This small country is perhaps the best in Latin America for a tropical adventure, thanks to its mysterious jungles, incredible wildlife, active volcanoes and glorious deserted beaches.
We have defined the essential itinerary for Costa Rica: Manuel Antonio for the beach, Monteverde for cloud forest, Tortuguero for turtles, and Arenal volcano for outdoor adventure. Add in the sandy beachfront in Guanacaste and you have the perfect holiday.
There is plenty of adventure on offer. From pelicans flying over your hammock, lightning over a silver sea, pink orchids against turquoise houses, a passing cowboy with silver stirrups, the white sand and deep blue sea that stay in your memory.
San José
Old San José has its sights, from Museo de Jade (Plaza de la Democracía) and Museo del Oro (beneath Plaza de la Cultura), both with unrivalled but unsung pre-Colombian treasures, to the warren of the Mercado Central, and the pay-to-view grandeur of the Teatro Nacional.
Start at the city’s western edge with a visit to Museo de Arte Costarricense in the old air traffic control building of what used to be the airport, then head down Paseo Colon.
Corcovado rainforest
A quarter of Costa Rica is protected parks and reserve, but the crown jewel is Corcovado national park, 164 square miles of rainforest in the Osa peninsula, fringed by empty Pacific beach. Remote and largely impenetrable, it’s home to five species of cat (jaguar, puma, ocelot, margay and jaguarundi) plus tapir, sloth, monkeys, boas (there are lots of snakes: wear boots) and almost 400 bird species. Here’s your best chance of spotting Costa Rican wildlife – and the waters are rich with dolphins and, seasonally, pods of whales.
Access is with guides only, and reservations need to be made well in advance. Hikes range from easy day trips, mainly around San Pedrillo, to multi-day treks with overnights at Sirena, a magical, ultra-basic ranger station.
Cloud forests
Monteverde is the classic cloud forest choice, and the most child-friendly, with sky tram, sky walk and, for over-eights, canopy zip lines. If you are travelling south, San Gerardo de Dota, 46 miles from the capital and 2,200 metres above sea level, makes a top stopover. The (heated) wooden cabins at Trogon Lodge lie inside the country’s newest national park, Los Quetzales, a vast birdwatchers’ paradise, home to flame-throated warblers, emerald toucanets, green violetear hummingbirds and motmots, turquoise cotingas as well as trogons and quetzals.
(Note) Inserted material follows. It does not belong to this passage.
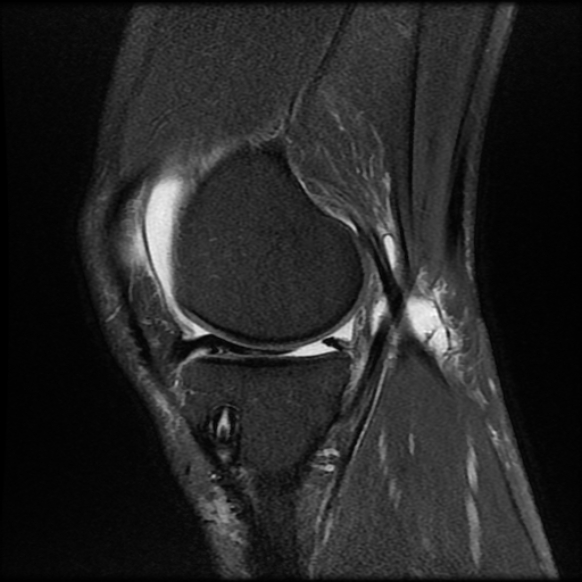 File:Anterior cruciate ligament graft tear and bucket-handle tear of medial meniscus (Radiopaedia 75867-87255 Sagittal PD fat sat 8).jpg
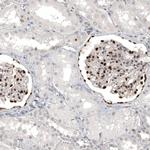 WT1 Antibody in Immunohistochemistry (Paraffin) (IHC (P))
Worth noting that Central America’s foremost ornithologist, the late Alexander Skutch, chose to live just down the road.
Costa Ballena beaches
Costa Rica has two coasts and more than 300 beaches, some the domain of turtles. But there are two areas that have everything, from surfer bars to top-end retreats, party beaches to silent jungle. The first is the jungly Costa Ballena on the Central Pacific, extending 18 miles down Highway 34 from the grey-sand surfer town of Dominical to mini gastroville Ojochal.
Southern Caribbean beaches
The second beach area is the more laid-back eight-mile stretch of Caribbean coast between lively Puerto Viejo and sleepy Manzanillo. All the palm-fringed white-sand beaches, turquoise sea, parrots, jungle cabins, nightlife, surf camps, gingerbread beach cottages, and pancake breakfast joints a person could possibly need are here. This coast, settled by West Indian fishermen in the 19th century, is English-speaking, and that vibe still dominates, despite a steady influx of more excitable jungle lovers. The obvious thing to do is read in a hammock and visit a beach cafe.
Arenal, the essential volcano
Volcán Poás is easier to visit (it’s virtually a drive-in) and Volcán Rincón de la Vieja is wilder, but Arenal is unmissable. Only one thing beats the thrill of seeing Arenal erupt, and that’s seeing it erupt while you’re sitting in a hot spring. The hot spring industry sprang up as a way of entertaining frustrated visitors who arrived to find the perfect cone shrouded in cloud.